Another point we need to concentrate on is the values, which the U.S. fights to protect, and the place of torture among those values. The U.S. wants its own people to be free, not afraid of attack, and to build a country in which its own traditional values are preserved in peace and tranquility, and it spends trillions of dollars to that end and knowingly loses thousands of young lives on the battlefield. The sole aim is to stand up for American values and defy any threats to them. As we all know, although the U.S. is governed by a secular Constitution, it describes itself as a Christian society and it is a much more conservative society than Europe. Does not the Bible, the holy scripture of that conservative community, command love, compassion, forgiveness and unity? What Christian could support the idea that a person whose having committed any crime merits being savagely tortured to death? What Christian could be pleased by the innocent lives lost for that reason? If the U.S. wishes to stand up for the values on which it was founded, it has to remain true to those values when times get tough. Speaking in the Senate, Democratic Party Senator for California, Dianne Feinstein, also admitted that torture was a stain on American values.
Torture is not a means of combat, but a culture of cruelty. Information gathered through torture during 12 years of war has not helped eliminate or even weaken such terror groups as al-Qaeda or the Taliban. On the contrary, terror organizations have grown even stronger in the face of violence, savagery and cruelty, have spread across even more parts of the world and have become even more of a threat by setting up new groups. The U.S. attacks have led to the deaths of many civilians, and instead of fighting the causes that gave rise to al-Qaeda through an intellectual campaign, its seeking to eliminate people influenced by those causes by military means has led to a widening of the terror organization’s sphere of activity by encouraging other sub-groups to join it.

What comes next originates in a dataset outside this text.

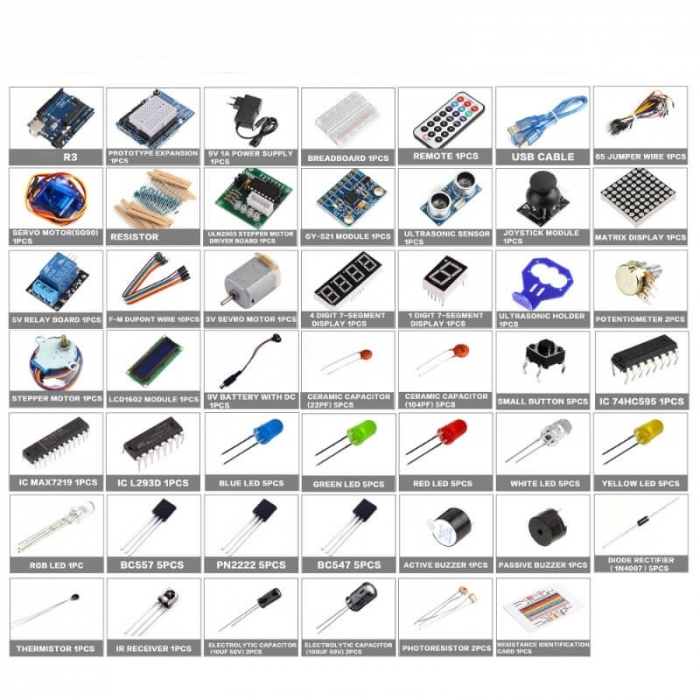 Kit educativ pentru electronisti, compatibil Arduino UNO R3 CH340, Bitmi 10172 [3]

President Obama’s banning torture is of course a positive step. In addition, from now on the death of any detainee during torture will be considered murder. This will be a cornerstone in a democratic government opposing inhumane methods, at least from now on. Responding to a destructive action with an even more destructive method cannot prevent a repetition of that action. Violence will always lead to more violence, and bloodshed to more bloodshed. Therefore, resorting to even more radical techniques in the fight against radical terror will simply result in a vicious circle that confirms the claims of those terror organizations and strengthens their base. That will mean opening the door to further unending conflicts. Although the publication of the torture report did not surprise anyone globally, it is important as a step that will prevent further resort to torture. We need to return to a foundation of common affection and love if future generations are to live in a humane climate where human rights are respected.